Customer information is processed solely on clients’ designated systems, if required, and that no client data at any time is processed on or transferred to any server/workstation computing device outside of the secure operation area for client services.

Data Encryption

We store all client data including customer’s personally identifiable information under current legislation or regulations in encrypted form, using a commercially supported encryption solution.
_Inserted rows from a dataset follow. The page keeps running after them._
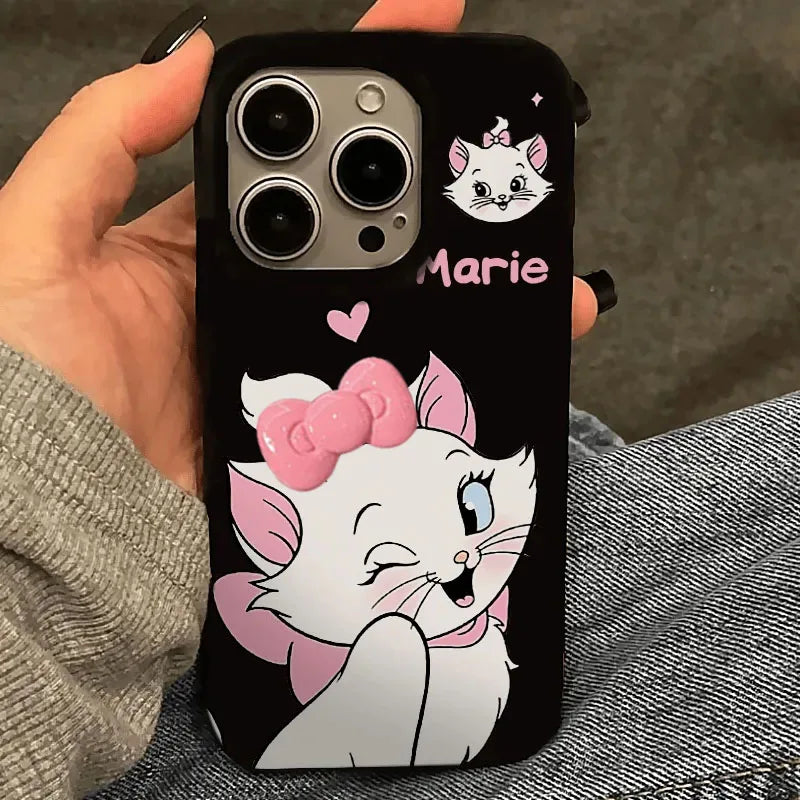 Blink Cute Disney Marie Cat Bow Strap Phone Case For iPhone 16 15 14 12 13 11 Pro Max XR XS MAX 7 8 PLUS MINI Y2K Cool Cover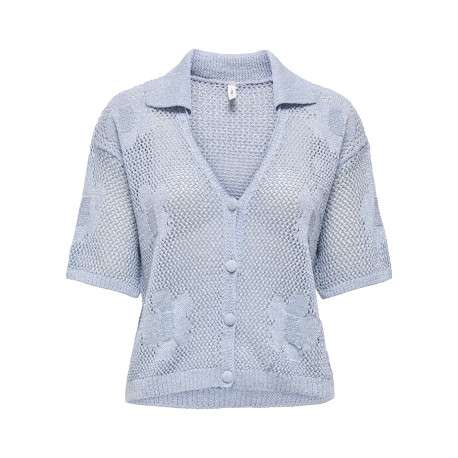 Pull ciel uni pourvu de manches courtes et d'une coupe ajustée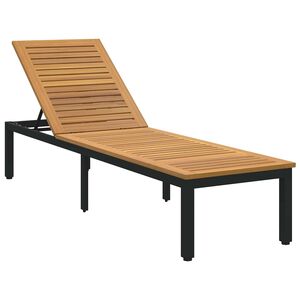 vidaXL Sols&auml;ng Reclining Svart 200 x 55 x 35 cm Massivt Akaciatr&auml;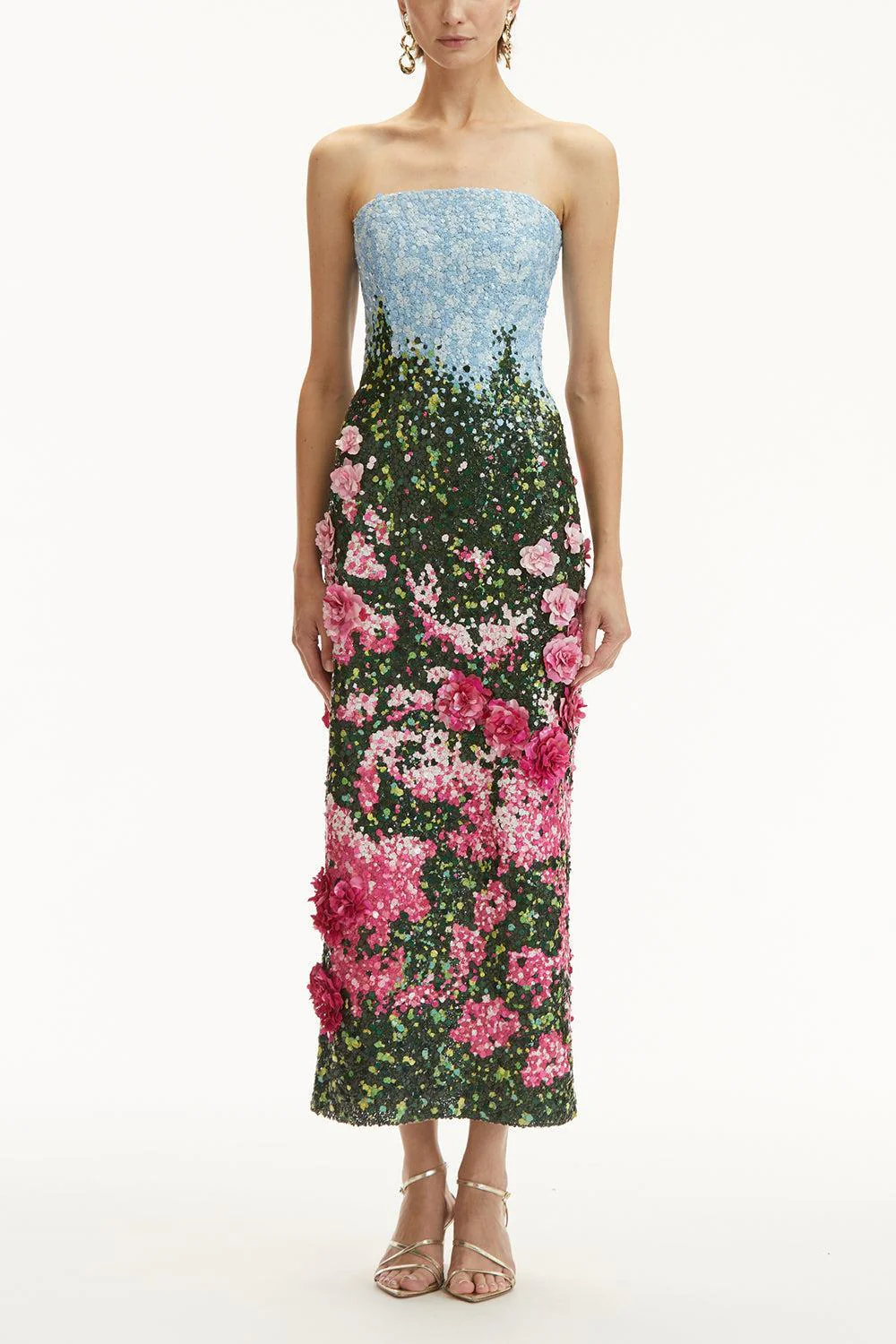 Strapless English Rose Embroidered Gown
Encryption solutions will be deployed with no less than a 256-bit key for symmetric encryption or a 2048 (or larger) key length for asymmetric encryption.

Incident Management and Security Breach Notification

We comply with all applicable laws that require the notification to individuals in the event of unauthorized release of personally identifiable information or other event requiring notification under applicable law, Service Provider to:

  •   Maintain a centralized security incident tracker wherein details of all security incidents occurred in Service Provider environment should be logged and tracked to closure.
  •   Notify client by telephone to its contacts for the engagement relationship and email of such event within 24 hours of discovery.
  •   Assume responsibility for informing all such individuals in accordance with applicable law and indemnify, hold harmless and defend the client and its trustee, officers, and employees from and against any claims, damages, or other harm related to such notification event.